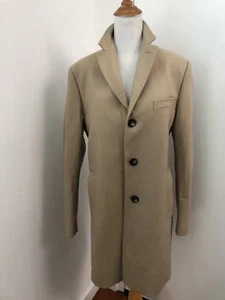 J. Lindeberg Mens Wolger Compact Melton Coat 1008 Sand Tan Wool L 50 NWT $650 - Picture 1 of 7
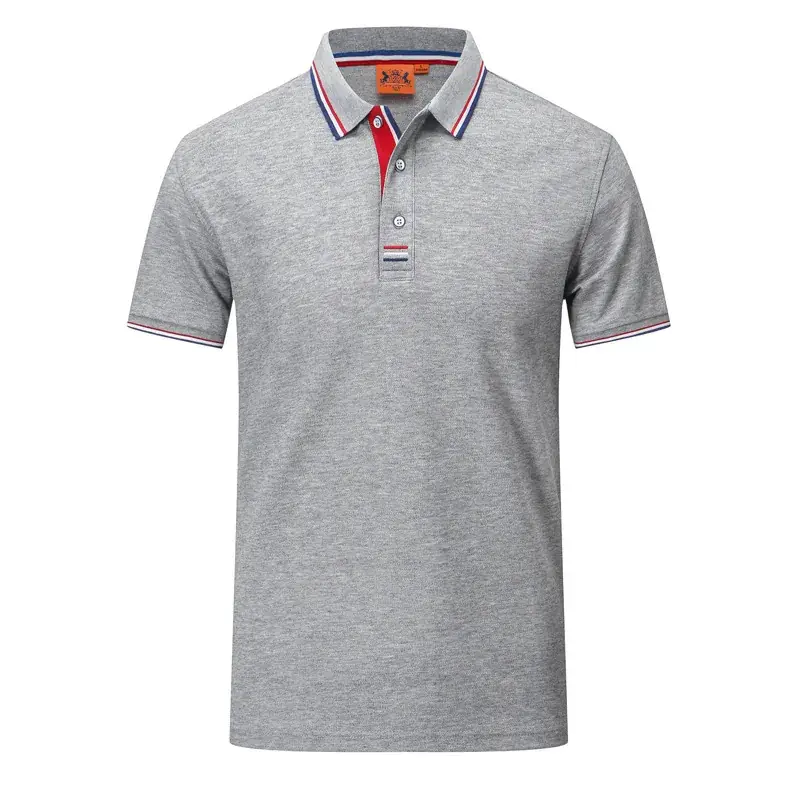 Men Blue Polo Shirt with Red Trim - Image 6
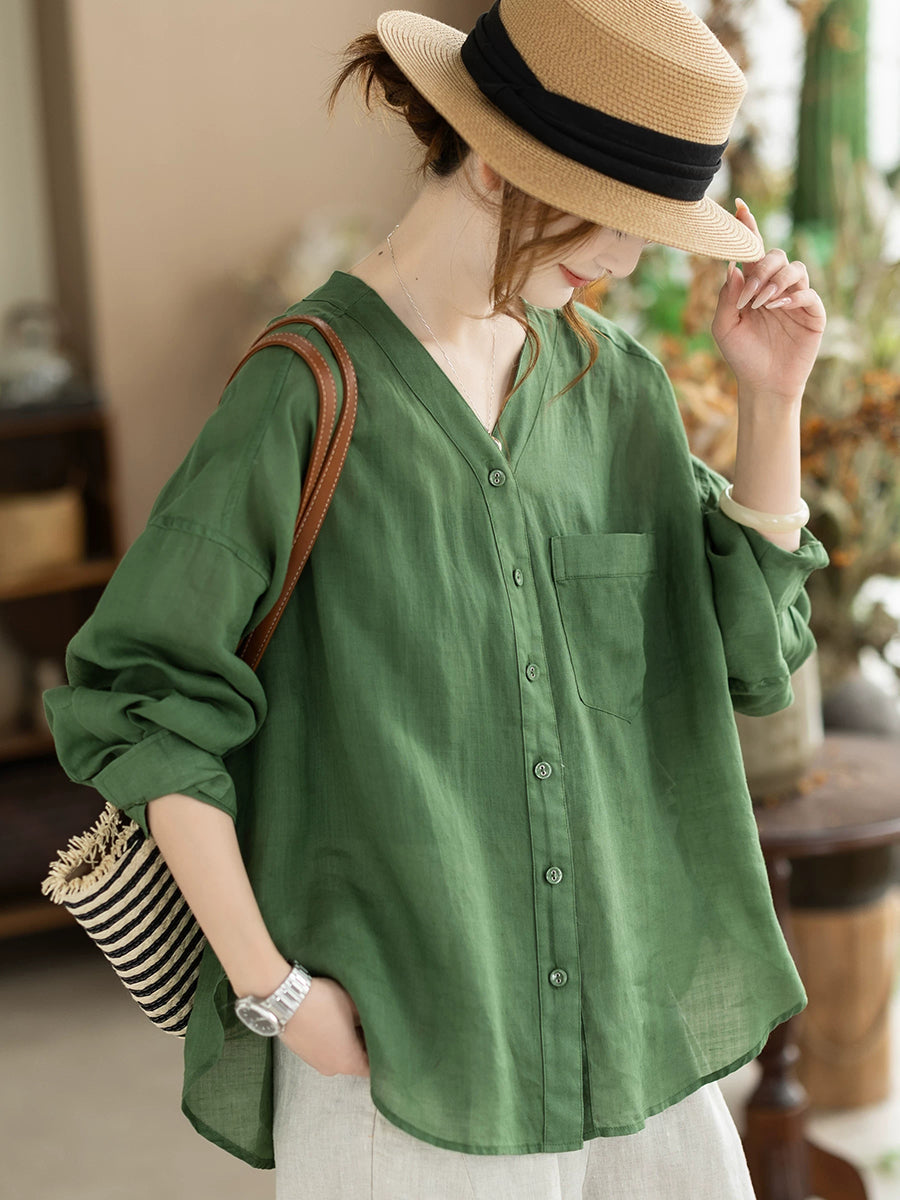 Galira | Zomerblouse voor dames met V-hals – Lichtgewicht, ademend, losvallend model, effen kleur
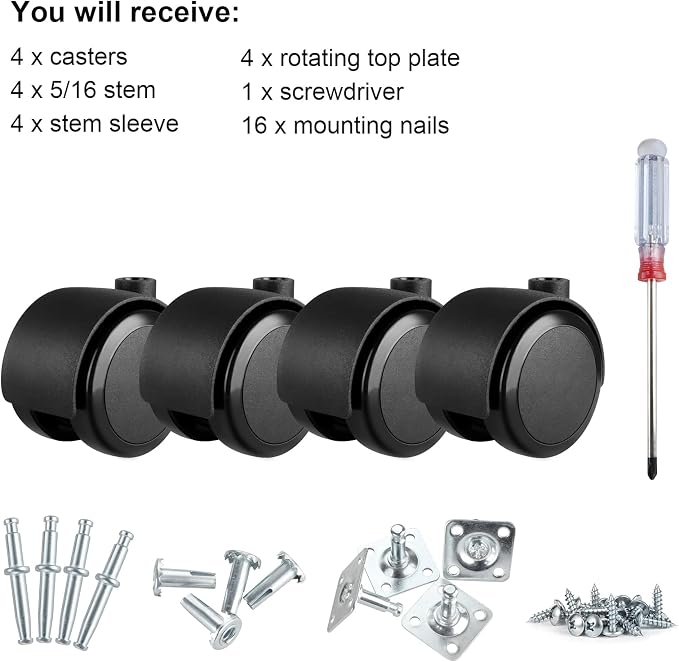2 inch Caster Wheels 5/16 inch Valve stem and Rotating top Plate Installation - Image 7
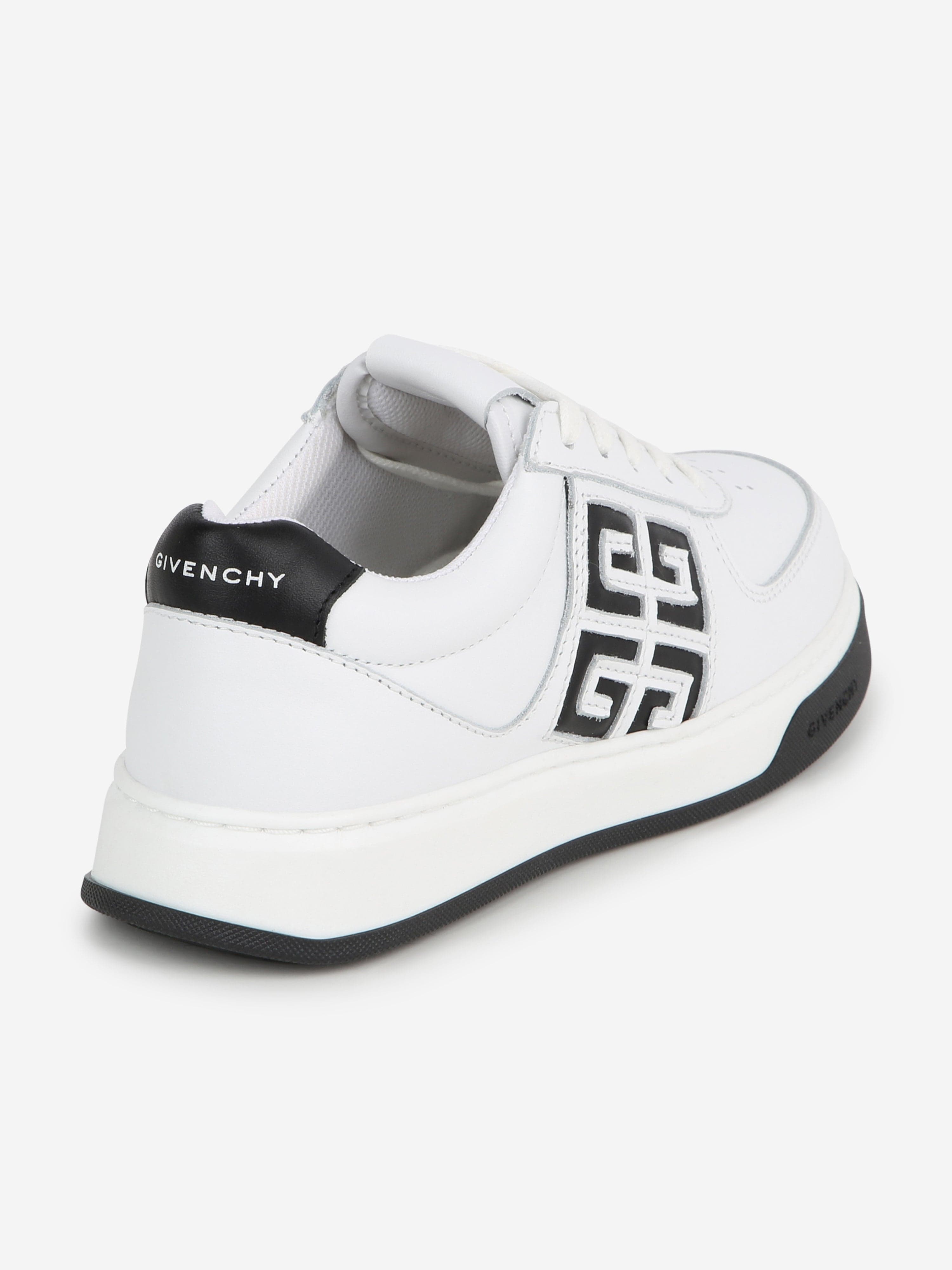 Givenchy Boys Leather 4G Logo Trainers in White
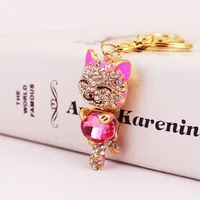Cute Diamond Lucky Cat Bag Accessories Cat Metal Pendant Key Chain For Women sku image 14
★ ★ ★ ★ ★ ★ ★
→ What is being asked:
Transcribe, word for word, the line holding "Givenchy Boys Leather" and all lines after it in the entries above, ending with the last. Only those lines; no pictures.

→ Solution for this exercise:
 Givenchy Boys Leather 4G Logo Trainers in White
Cute Diamond Lucky Cat Bag Accessories Cat Metal Pendant Key Chain For Women sku image 14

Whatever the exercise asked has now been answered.